Partie 6, page 11 de la feuille de route, à la suite du paragraphe « La souveraineté et la sobriété numérique ».
Les infrastructures et leur empreinte : l’arrivée de plusieurs dizaines de milliards d’euros pour le développement de data centers sur le territoire appelle la même exigence de sobriété. Pour une IA sobre énergétiquement, à faible empreinte carbone et respectueuse de l’environnement, la Région veille à ce que ces implantations conjuguent efficacité énergétique et récupération de la chaleur fatale, bilan carbone maîtrisé, priorité au réemploi de friches plutôt qu’à l’artificialisation de terres naturelles ou agricoles, et gestion transparente et économe de l’eau mobilisée pour le refroidissement. À cette fin, elle rend compte chaque année des consommations d’énergie, d’eau et de foncier de ces installations.

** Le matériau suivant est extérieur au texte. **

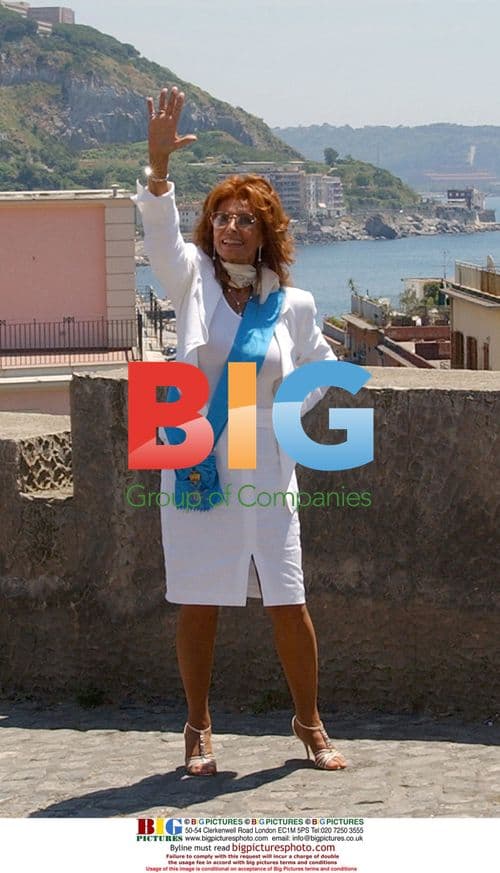 Actress Sofia Loren receives 2005 Civitas Award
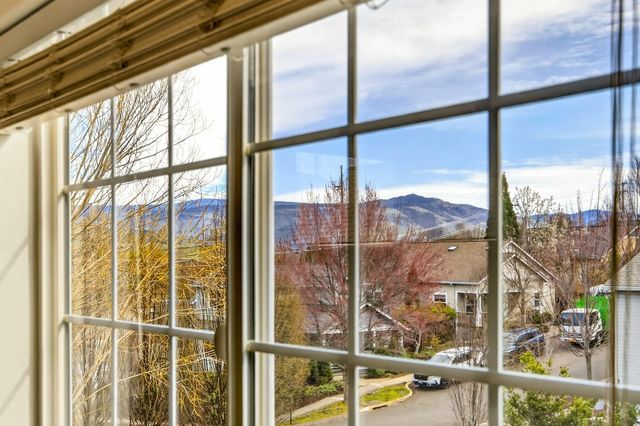 485 Larkspur Lane, Ashland, OR 97520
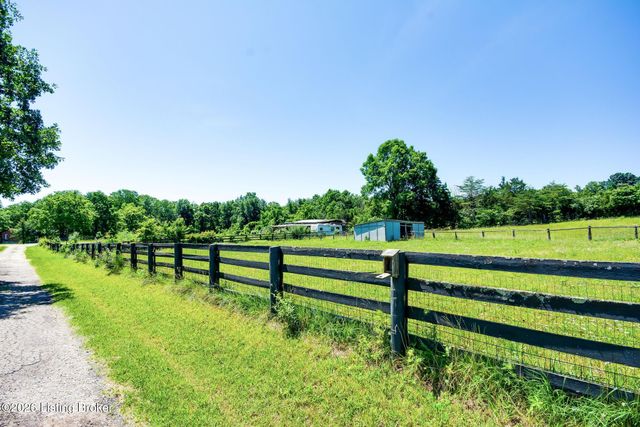 589 Wheeler Ln, Mt Washington, KY 40047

Cet amendement permet d’afficher nos exigences en matière d’impact environnemental des datas centers et en propose le suivi sur le moyen et long terme.
Monsieur le Président, chers collègues,
Depuis le 12 juin, notre région consacre une semaine à l’intelligence artificielle. Et il y a de quoi alors que l’IA est en train de transformer nos services, nos entreprises et notre quotidien. Sur la nécessité d’engager une réflexion et de se positionner, nous nous retrouvons.
Votre feuille de route prône « une IA sobre en énergie, à faible empreinte carbone et respectueuse de l’environnement ».
Mais cette sobriété, vous la réclamez aux usages, donc aux habitants et aux agents, et l’oubliez là où l’IA pèse le plus lourd : l’installation et l’exploitation des data centers.
Vous évoquez les projets en milliards d’euros d’investissements annoncés. Nous pensons qu’il faut les présenter en gigawatts, car c’est là que se lit l’impact sur nos territoires. Les trois data centers du projet SoftBank, à Dunkerque, Bouchain et au Bosquel, en représentent trois à eux seuls. C’est six fois la puissance d’Aluminium Dunkerque, le plus gros site électro-intensif du pays.
Combien d’hectares de terres agricoles seront stérilisés par ces projets ? Enfin se pose la question de nos ressources en eau. Combien de millions de litres pour refroidir ces serveurs ?
Sur ces questions, la feuille de route que vous portez reste muette. Aucun chiffre, mais surtout aucun cadre posé.
Pourtant, d’autres modèles existent : des data centers à taille humaine, répartis sur le territoire, dont la chaleur chauffe des serres ou alimente des réseaux de chaleur. La preuve qu’on peut faire du numérique un atout pour nos territoires, au lieu de leur imposer des installations géantes et opaques.
Car derrière le « progrès pour tous », il y a des choix : qui possède les données, qui profite de l’automatisation, qui en pâtit, quels usages nous finançons et lesquels nous refusons de subventionner. Ce sont des choix de société sur lesquels il nous faudra continuer de débattre. Mais d’ici là, notre feuille de route sur l’IA ne peut pas oublier ceux qui s’inquiètent de l’impact massif des data centers sur notre région.
Il y a une ligne sur laquelle nous ne transigerons pas : nos terres agricoles ne sont pas à vendre. Sacrifier des terres naturelles et nourricières, à La Brayelle comme au Bosquel, pour y implanter des data centers, c’est hypothéquer notre souveraineté alimentaire. Nous nous y opposons fermement.
C’est tout le sens de cet amendement, qui demande que le soutien régional aille à des data centers qui maîtrisent leur empreinte en énergie, en carbone, en foncier et en eau, et qui publient chaque année leurs consommations réelles. La transparence ne coûte rien à ceux qui n’ont rien à cacher et ceux qui s’engagent pour une IA sobre ont tout à y gagner.